La dernière configuration anthropologique de malheur (et la plus structurante) est celle qui régit les rapports de cause à effet « entre la coutume bien faite et le juste déroulement de la vie[31] ». Suivant cette logique symbolique, la coutume mal accomplie, soit les divers ratés dans les rites, « entraîne[nt] le malheur individuel – lequel est dit en termes de destin[32] ». L’ethnologue Yvonne Verdier a montré, dans son ouvrage sur le destin et la coutume chez Thomas Hardy, que « le cours heureux ou malheureux de l’existence se détermine dans ces tournants de la vie où la tradition pose des rituels » dont la visée est d’« oriente[r] le futur[33] ». Le récit actualise, à grande échelle, ce système de créances, car il raconte un mariage, moment important dans la vie individuelle, familiale et communautaire, qui condense autour de lui un ensemble de précautions pour faire le bonheur et éloigner le malheur. Ainsi que l’explique Martine Segalen, « [c]haque union porte en elle son destin d’heurs ou de malheurs et, dès avant le mariage, les relations entre époux vont être déterminées par la façon dont le mariage est noué[34] ». Si nous résumions en ouverture de cet article la nouvelle comme l’histoire d’une statue jalouse entravant un mariage, nous pouvons ajuster notre propos en affirmant qu’elle est l’histoire d’une alliance ratée, voire d’une série d’écarts et d’inconvenances envers la norme matrimoniale telle qu’elle se pratique dans les campagnes en France durant tout le xixe siècle. Cette norme culturelle participe d’un enchaînement de scénarios coutumiers, qui sont des scripts collectifs. Ceux-ci spécifient les programmes actantiels conformes et les conduites sociales attendues tant dans la diégèse (par rapport aux valeurs du groupe) que chez le lecteur[35]. Et le récit met l’accent sur les ratés des techniques rituelles visant à inscrire les mariés dans la communauté sexuelle, familiale, villageoise. Ce sont ces ratés – qui, dans la culture française, font le malheur et annoncent les morts à venir – que nous voudrions soumettre à l’attention de notre lecteur. Nous en dénombrons six types (qui sont d’importances diverses).
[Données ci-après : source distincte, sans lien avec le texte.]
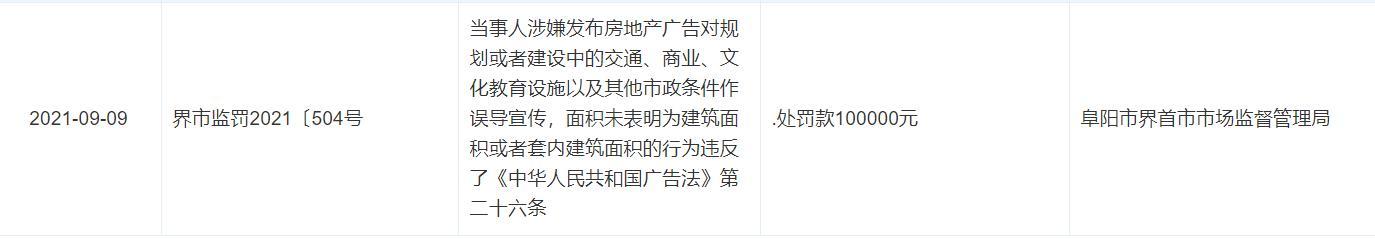 涉嫌发布误导性广告 安徽华安发展集团界首项目被罚10万元
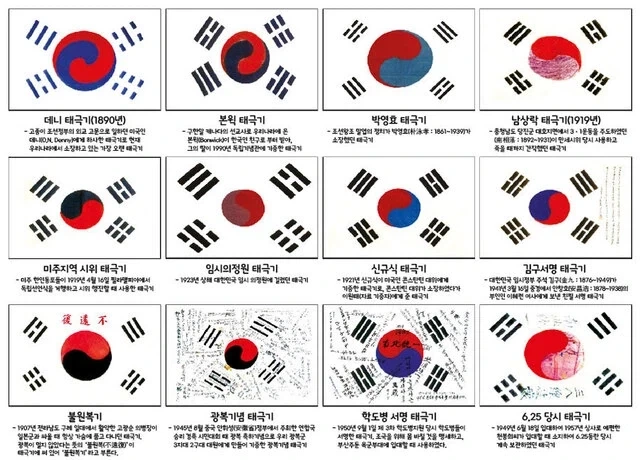 태극기 문양이 왜그래? 너 빨갱이지!.jpg
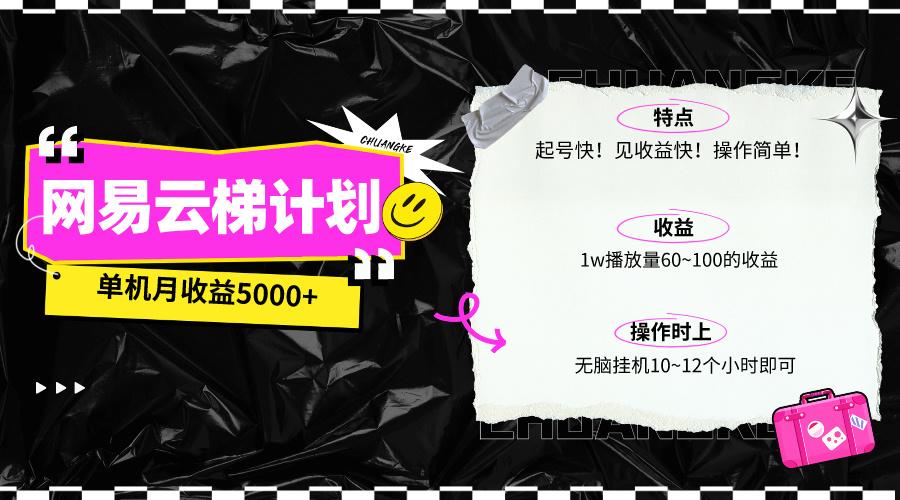 (10063期)最新网易云梯计划网页版，单机月收益5000+！可放大操作-指尖网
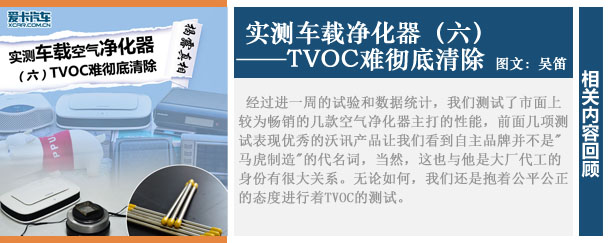 TVOC难彻底清除 实测车载净化器（六）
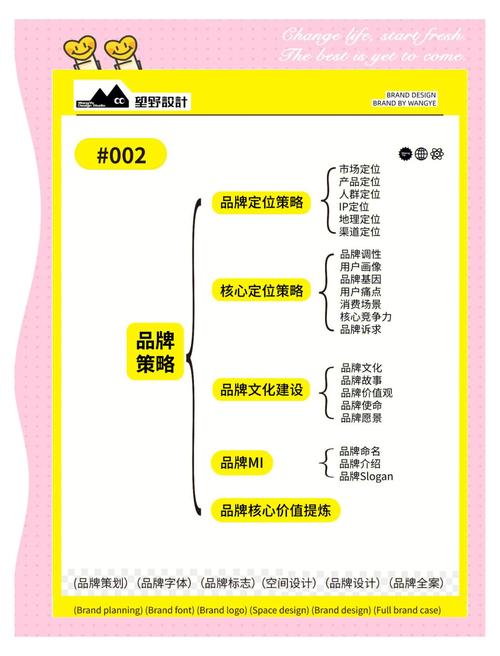 和步骤具体是什么?-图1 和步骤具体是什么?-图1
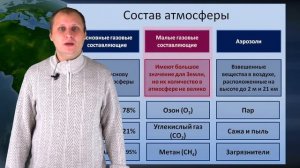 ОГЭ по географии 2022! Разбор задания 1. Классификация горных пород.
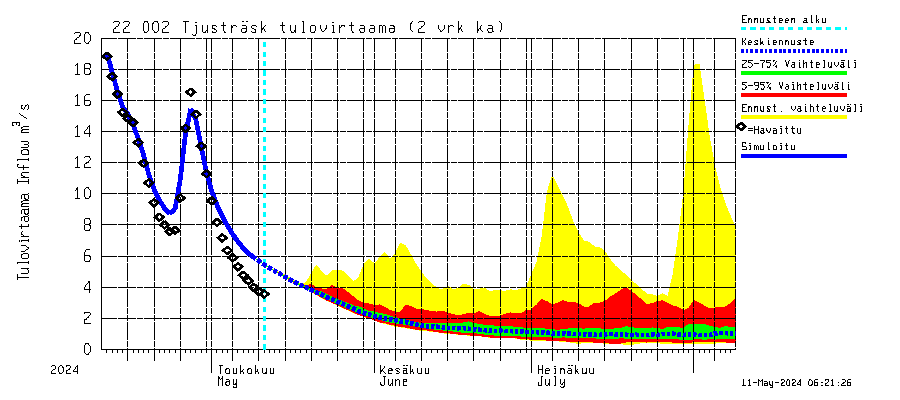 Siuntionjoen vesistöalue - Tjusträsk: Tulovirtaama (usean vuorokauden liukuva keskiarvo) - jakaumaennuste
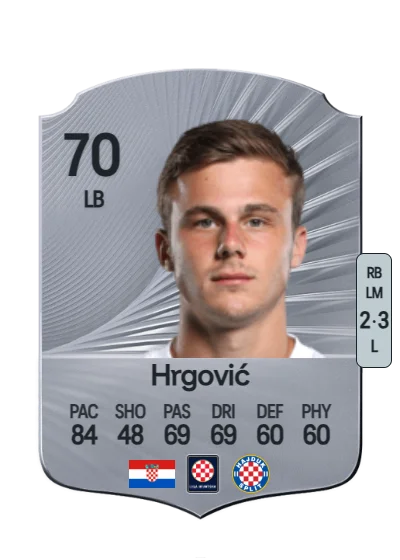 Šimun Hrgović card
La mésalliance matrimoniale

« [D]e convenance » (V, 112), le mariage est pourtant une mésalliance, qui prend la forme d’un écart socioéconomique entre les époux. Au xixe siècle, il y a dans le champ matrimonial des « alliances préférentielles[36] » et des alliances proscrites. « [C]ette portion de l’espace social où évoluent les célibataires épousables[37] » est régie par de strictes stratégies conjugales visant, d’une part, à faire les mariages assortis qui vont préserver la force de la lignée et conserver le patrimoine, et, d’autre part, à éviter les relations inadéquates qui perturbent l’organisation communautaire et familiale. La mésalliance est, d’un point de vue anthropologique, une affaire de bonne ou de mauvaise distance, de bonne ou de mauvaise circulation. Le mariage valorisé « consist[e] à tenir le juste milieu […] entre le très proche et le pas trop loin[38] », c’est-à-dire à maintenir la distance culturellement acceptable entre le même et l’autre, entre l’endogamie et l’exogamie.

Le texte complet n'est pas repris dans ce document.